INTERVIEW/Jenoptik will aus Wirtschaftskrise gestärkt hervorgehen

30.03.2009

Von Markus Klausen

DOW JONES NEWSWIRES

JENA (Dow Jones)--Der Optoelektronikkonzern Jenoptik will die aktuelle Wirtschaftskrise dazu nutzen, das eigene Geschäft punktuell auszubauen und Marktanteile zu erhöhen. "Vor allem in den Bereichen Photovoltaik und Verkehrssicherheitstechnik wollen wir unsere Marktanteile steigern", sagte Vorstandsvorsitzender Michael Mertin im Interview mit Dow Jones Newswires.

Wachsen will das Unternehmen dabei nicht nur organisch. Auch Zukäufe seien angesichts teilweise deutlich gesunkener Bewertungen interessant. Besonders den Markt für Lasertechnik schaut sich das in Jena ansässige Unternehmen genau an.

Im vergangenen Jahr hat das im TecDAX geführte Unternehmen Umsatz und Betriebsergebnis jeweils um rund 5% auf etwa 550 Mio EUR bzw 37 Mio EUR gesteigert.

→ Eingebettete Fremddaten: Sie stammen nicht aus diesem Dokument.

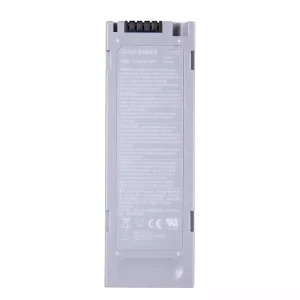 Batéria pre Mindray Passport 2 Passport V Spectrum,Spectrum OR,Trio,IPM9800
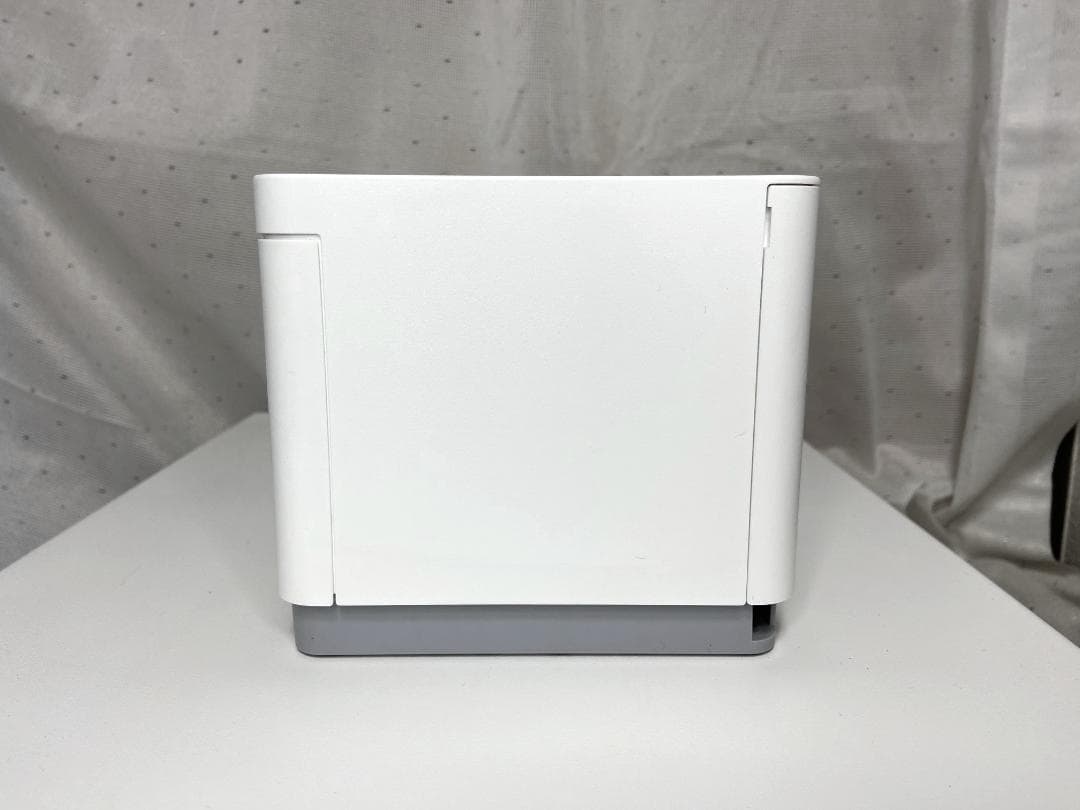 wt　美品■スター精密　サーマルプリンター＆ドロアー■MCP31LB　エア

Besonders profitierte Jenoptik vom umsatzstärksten Geschäft, dem Segment Verteidigung und Zivile Systeme. Der kleinste Bereich Messtechnik, mit dem der Konzern rund ein Viertel seiner Umsätze macht, läuft nach Restrukturierungen 2007/08 zunehmend besser: "Das Segment Messtechnik ist im zweiten Halbjahr 2008 zur positiven Entwicklung hinzugestoßen", sagte Finanzvorstand Frank Einhellinger.

Die Messtechnik hatte nach sechs Monaten beim Umsatz noch hinter dem vergangenen Jahr zurückgelegen, trug im Gesamtjahr 2008 aber zur Erlössteigerung auf Konzernebene bei. Neben der industriellen Messtechnik, die etwa 65% des Segments ausmacht und bei der Jenoptik der Automobil- und Automobilzulieferindustrie Messtechniken anbietet, ist hier die Verkehrssicherheitstechnik angesiedelt.

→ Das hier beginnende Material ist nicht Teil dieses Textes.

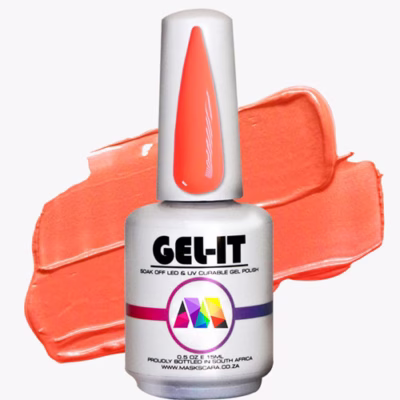 Mgp209 - M-Mosa Gel Polish 15ml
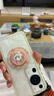 PopSockets【瑪麗貓】泡泡騷x瑪麗貓迪士尼聯(lián)名手機支架蘋果磁吸囊伸縮防摔粘貼指環(huán)扣MAGSAFE磁吸圓啪嗒 瑪麗貓畫像 曬單實拍圖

Zulegen will Jenoptik künftig besonders im kleineren Bereich: "Die besseren Wachstumschancen haben wir ganz klar in dem Bereich Verkehrssicherheit", sagte der Vorstandsvorsitzende. Ein Beispiel dafür sei der Trend zu Public-Private-Partnership-Modellen. Der Bereich hängt stark von der Öffentlichen Hand ab. "Deshalb ist das Geschäft auch relativ unanfällig was die Krise anbetrifft", fügte Finanzvorstand Frank Einhellinger hinzu. "Daher gehen wir in diesem Bereich auch für 2009 davon aus, dass es relativ normal weiter läuft."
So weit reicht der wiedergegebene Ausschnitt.